Anyone who has met me or even just knows me on social media will know that I’m a big advocate for animals, I don’t believe they should be murdered for human pleasure. However I didn’t always think like that, like most people I used to hold onto a delusion that farmed animals were treated well. I only bought “high welfare meat”. I told myself that they didn’t know they were about to die, they didn’t feel a thing, it didn’t matter as long as they’d had a good life….amongst other bullshit justifications I would tell myself.
On top of this, I did a lot of work on a sheep farm, I loved the sheep, so I decided to take on orphan lambs and fatten and sell them to other farms. It took me a long time to relate what I was doing to being part of the industry which is constantly abusing animals.
The last group of lambs I sold on were George, Snowball, Billy, Flower, Brownie, Gypsy, and Baby. I sold them to the farm I worked on at the time, and it was round this time where my mindset changed a lot, I was already vegetarian but again didn’t align what I was doing with my internal morals…I think because I still was part of the lambs lives even after I sold them, I couldn’t block out any part of the process.
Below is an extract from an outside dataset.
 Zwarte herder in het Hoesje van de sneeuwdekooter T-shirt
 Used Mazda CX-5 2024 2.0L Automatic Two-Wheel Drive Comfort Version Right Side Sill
Flower, Brownie, and Gypsy died of illness, which is an awful but natural part of working with animals.
But Billy, George, and Snowball….the day I walked them off the trailer into the holding pens at the slaughterhouse is a memory which still keeps me up at night. I’ve never felt right since. These babies who I’d nursed and raised and who followed me so willingly were then electrocuted, strung up, throats slit and left to bleed out. Looking back it doesn’t feel like me, but it was.
Baby wasn’t taken that day, he was always sickly and far too small to be used for food. I always said that if I had a big field I’d of taken them all and they could of lived their lives in peace.
About two weeks after I walked the others to their death I was offered the long term lease of more grazing. The first thing I did was ask if I could buy Baby back. Luckily for both of us I was able to. I’d already decided to start the sanctuary by this point so Baby came back to base straight away.
Since then I’ve left animal farming totally behind me, I don’t want to be part of that world in the way I was before. I’ve left my job on the farm and I’ve began working as a veterinary assistant at a farm sanctuary. I finally feel like me.
I can’t erase the things I’ve seen and done, and I can never erase the part I played in sheeps’ suffering, but I can move forward with the promise of protecting them from here on out. I can dedicate my life to helping them, to keeping them safe, and saving who I can.
Saving Baby, and the others who now call my land home, can’t erase the guilt, or the blood on my hands, but I hope that it goes some way to gaining some redemption in the eyes of all those sheep I’ve said goodbye to, who I’ve held back on, who I’ve sold on to people who were neither kind or good, who I’ve walked down the trailer into the gates of their own personal hell. In the end that’s all I want.